# INPUT MATERIAL
============================================================

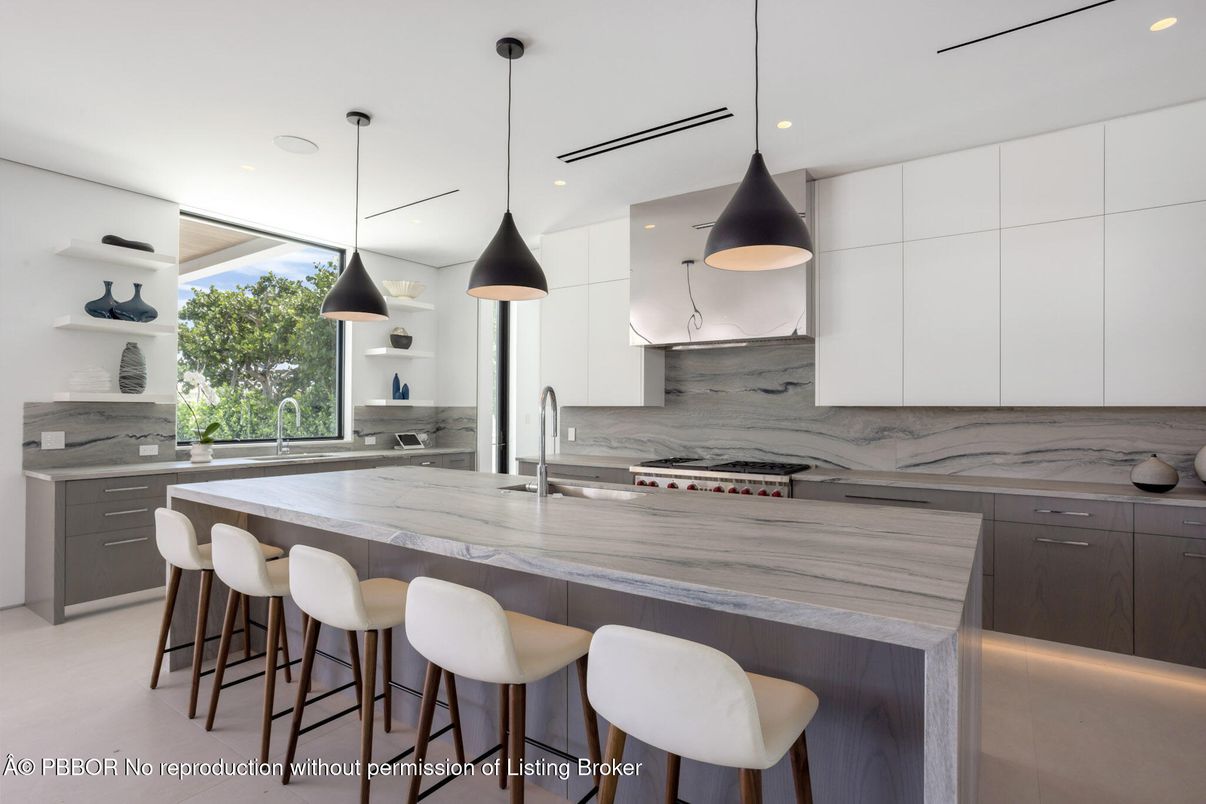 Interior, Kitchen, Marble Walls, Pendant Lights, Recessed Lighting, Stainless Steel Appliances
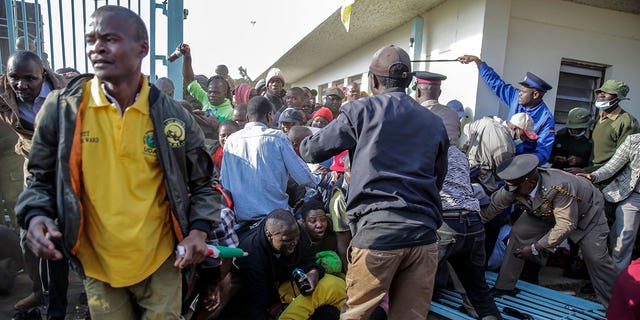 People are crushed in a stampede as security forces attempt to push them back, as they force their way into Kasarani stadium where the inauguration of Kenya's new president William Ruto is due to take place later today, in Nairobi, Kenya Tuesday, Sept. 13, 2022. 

============================================================

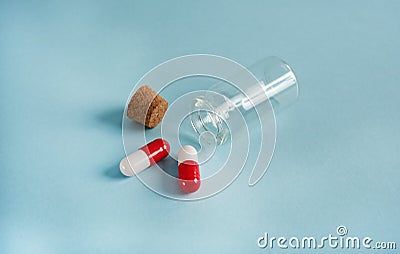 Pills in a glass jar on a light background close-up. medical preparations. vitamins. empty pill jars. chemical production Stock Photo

============================================================

# PROMPT
In the records above, find the line with "Interior, Kitchen, Marble" and the line with "People are crushed". Write out exactly those lines and every one between, with no pictures and no other lines.

# FINISHED TASK
 Interior, Kitchen, Marble Walls, Pendant Lights, Recessed Lighting, Stainless Steel Appliances
 People are crushed in a stampede as security forces attempt to push them back, as they force their way into Kasarani stadium where the inauguration of Kenya's new president William Ruto is due to take place later today, in Nairobi, Kenya Tuesday, Sept. 13, 2022. 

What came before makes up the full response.